--- Directions ---
Only the lines from the one containing "Monroe & Kent O2 SIDEBOARD" through the end of the entries are to be copied, exactly and without pictures, please.

☆ ☆ ☆ ☆

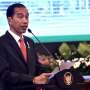 Jokowi Waspadai Ancaman Kesehatan Global ke Indonesia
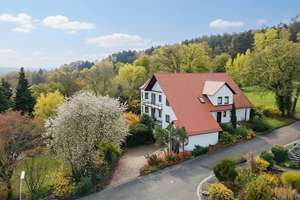Raum für Träume und Visionen – Die vollständige Adresse der Immobilie erhältst du vom Anbieter., 91301 Forchheim – Vorschaubild 15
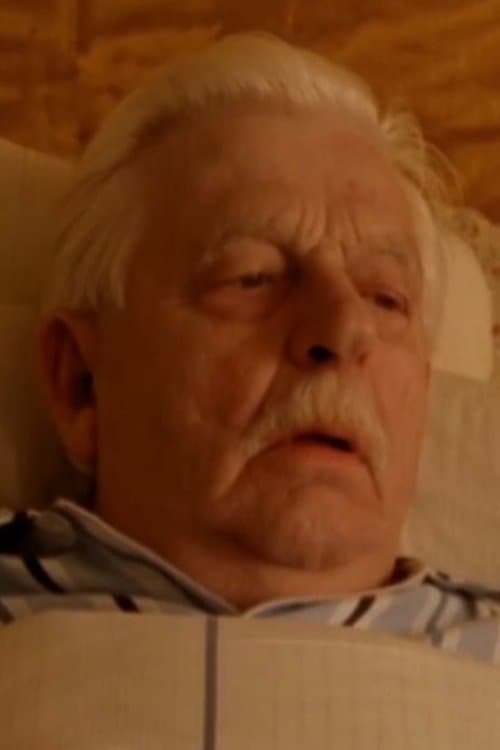 Cast's Movie Image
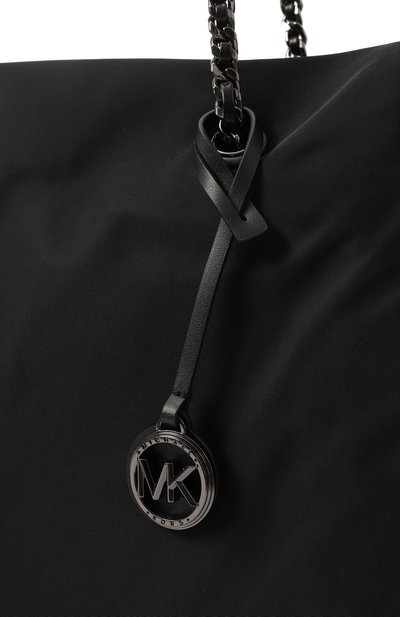 Сумка-тоут georgia large MICHAEL MICHAEL KORS, арт. 30R5SI0T3C, фото 3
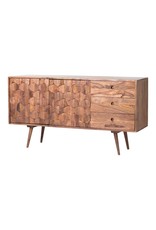 Monroe & Kent O2 SIDEBOARD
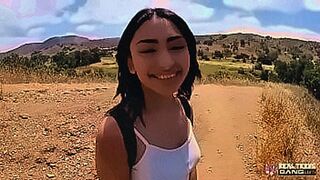 Instant Classic Real Teens - Farm Girls Get Herself Casting For Porn Scene — | idaho nudes | doesn't let you look away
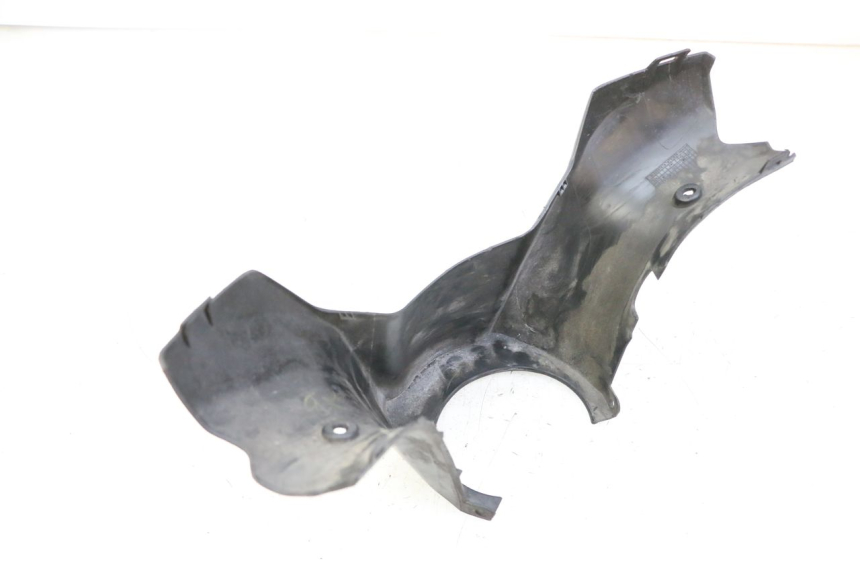 photo de ACHTERSTUURKAP SUZUKI BURGMAN 125 (2015 - 2017) - Detail van het onderdeel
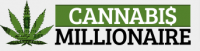 cannabis-millionaire-logo (2)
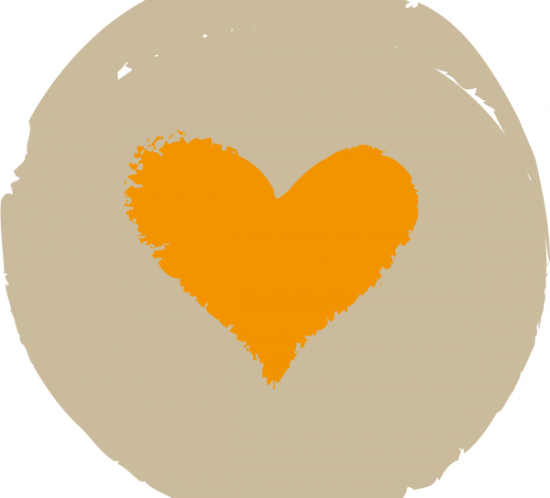 Logo Facebook Bait di Zep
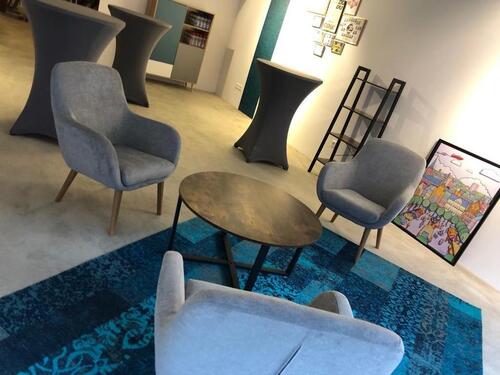 Foto - andere in Goch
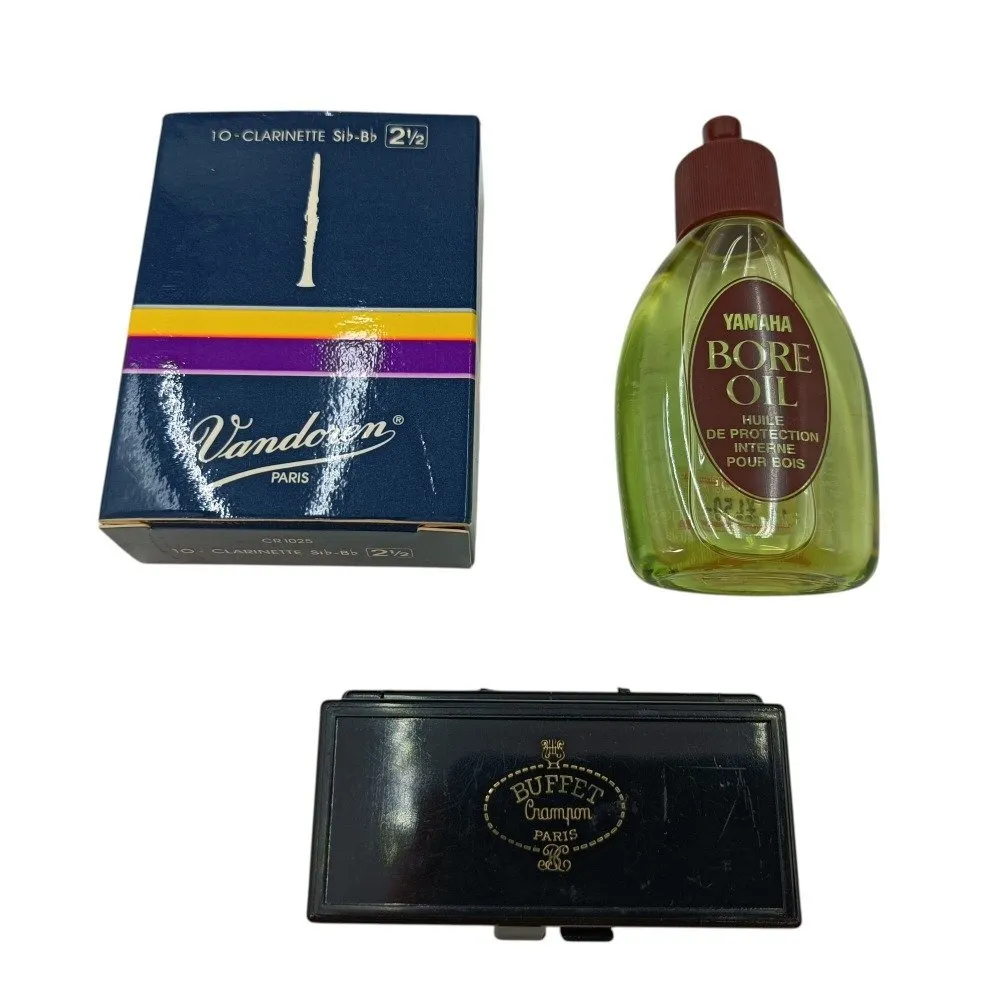 Item photo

☆ ☆ ☆ ☆

--- Result ---
 Monroe & Kent O2 SIDEBOARD
 Instant Classic Real Teens - Farm Girls Get Herself Casting For Porn Scene — | idaho nudes | doesn't let you look away
 photo de ACHTERSTUURKAP SUZUKI BURGMAN 125 (2015 - 2017) - Detail van het onderdeel
 cannabis-millionaire-logo (2)
 Logo Facebook Bait di Zep
 Foto - andere in Goch
 Item photo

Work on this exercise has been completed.